___ Information supplied
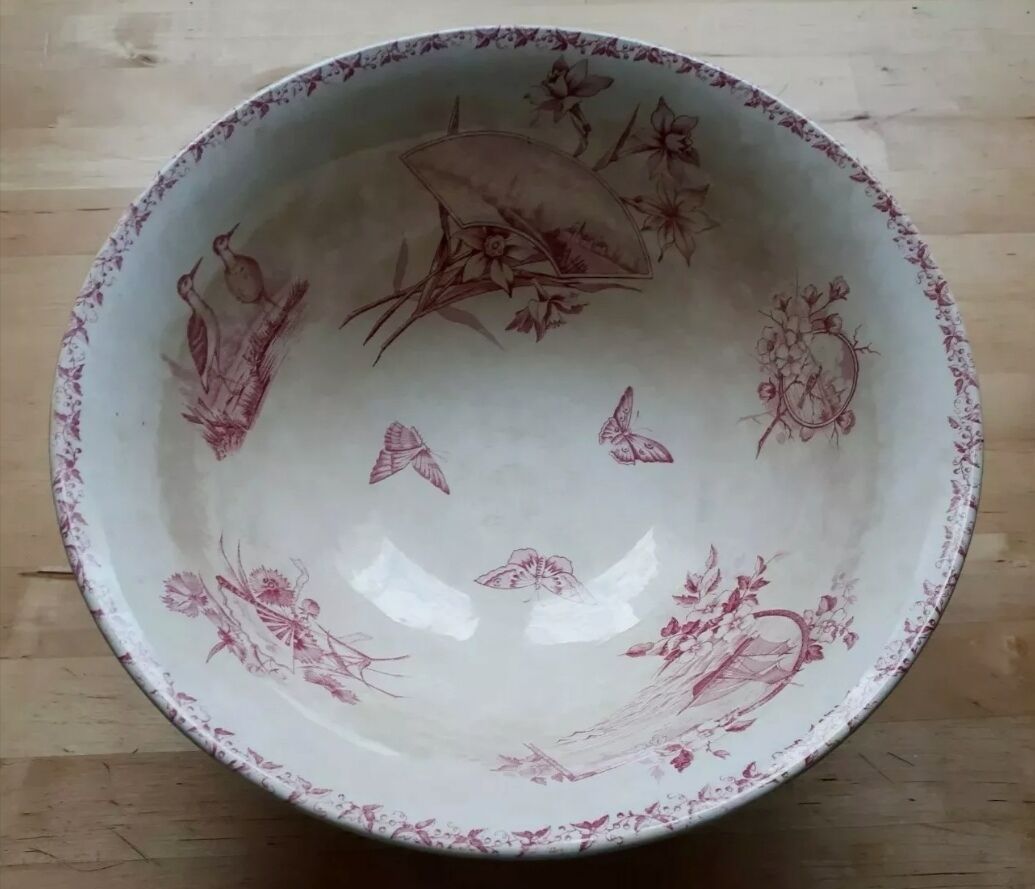 Saladier former earthenware butterflies Badonvilliers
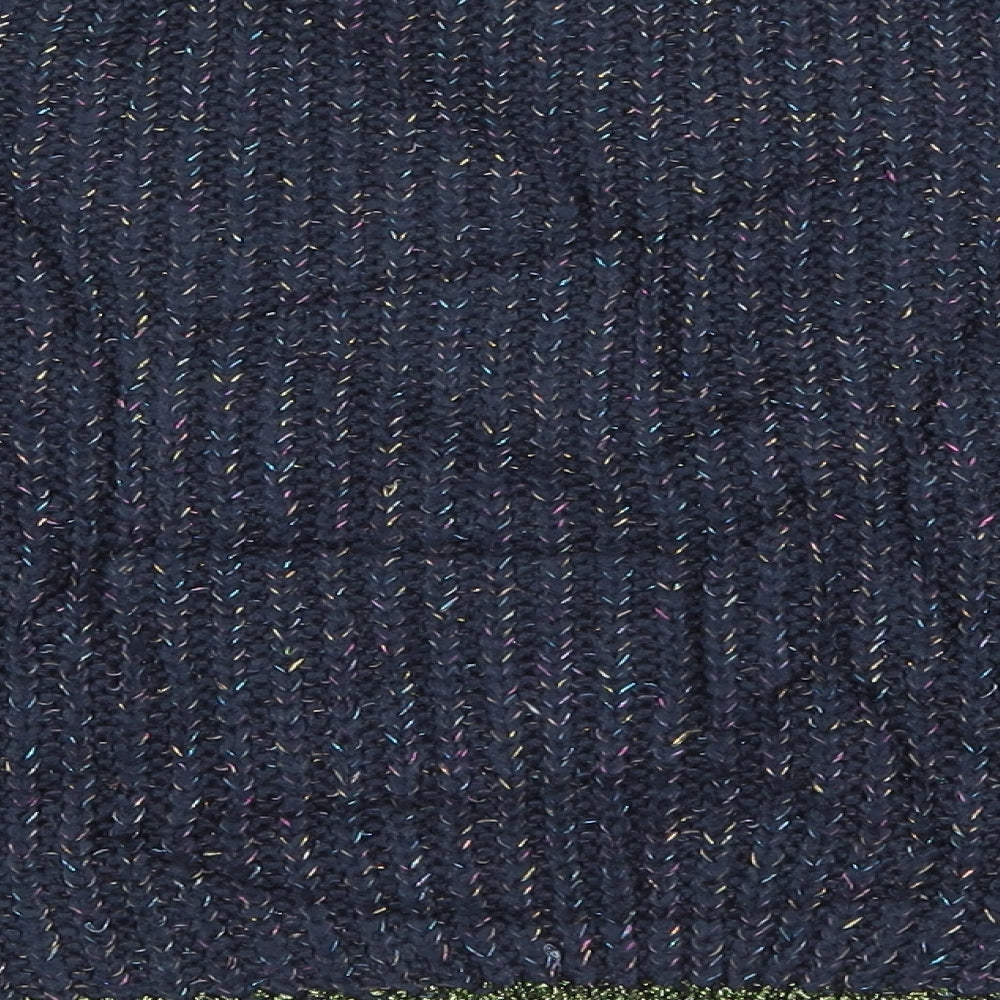 Marks & Spencer Girls Blue Striped Knit Pullover Jumper Size 9-10 Years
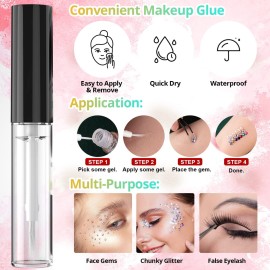 Colorful Flatback Face Gems and White & Beige Pearls for Makeup with Quick Dry Glue, Half Round Pearls Nail Art Rhinestones Glass Crystal Beads for Make-up Deco with Pickup Pencil + Tweezer Colorful Flatback Face Gems and White & Beige Pearls for Makeup with Quick Dry Glue, Half Round Pearls Nail Art Rhinestones Glass Crystal Beads for Make-up Deco with Pickup Pencil + Tweezer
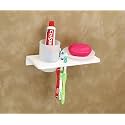 HAPPI Unbreakable Acrylic Soap Dish with Glass Tumbler, Soap Stand, Soap Case, Soap Holder Stand Wall Mounted for Bathroom with Removable Drain Tray (White)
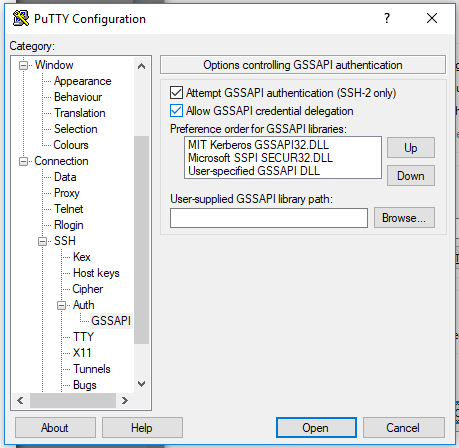 putty settings window showing ssh options enabling gssapi credential delegation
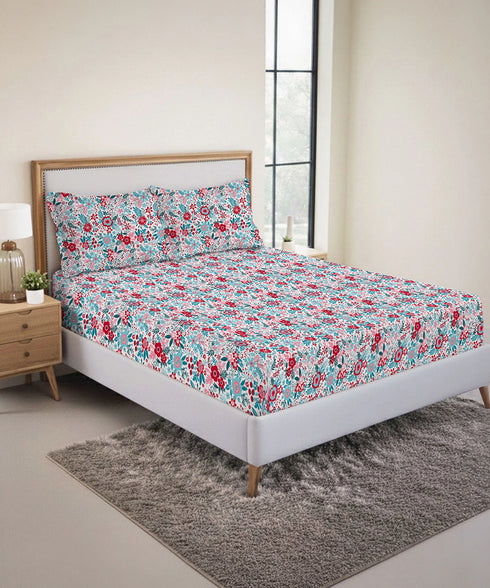 Urban Comfort King Fitted Bedsheet Set, Gardenia Blooms Pink|144 TC Cotton| 2 Pillow Covers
______
● Work request
Please output the material as written, apart from the images.

● Answer to this exercise
 Saladier former earthenware butterflies Badonvilliers
 Marks & Spencer Girls Blue Striped Knit Pullover Jumper Size 9-10 Years
 Colorful Flatback Face Gems and White & Beige Pearls for Makeup with Quick Dry Glue, Half Round Pearls Nail Art Rhinestones Glass Crystal Beads for Make-up Deco with Pickup Pencil + Tweezer Colorful Flatback Face Gems and White & Beige Pearls for Makeup with Quick Dry Glue, Half Round Pearls Nail Art Rhinestones Glass Crystal Beads for Make-up Deco with Pickup Pencil + Tweezer
 HAPPI Unbreakable Acrylic Soap Dish with Glass Tumbler, Soap Stand, Soap Case, Soap Holder Stand Wall Mounted for Bathroom with Removable Drain Tray (White)
 putty settings window showing ssh options enabling gssapi credential delegation
 Urban Comfort King Fitted Bedsheet Set, Gardenia Blooms Pink|144 TC Cotton| 2 Pillow Covers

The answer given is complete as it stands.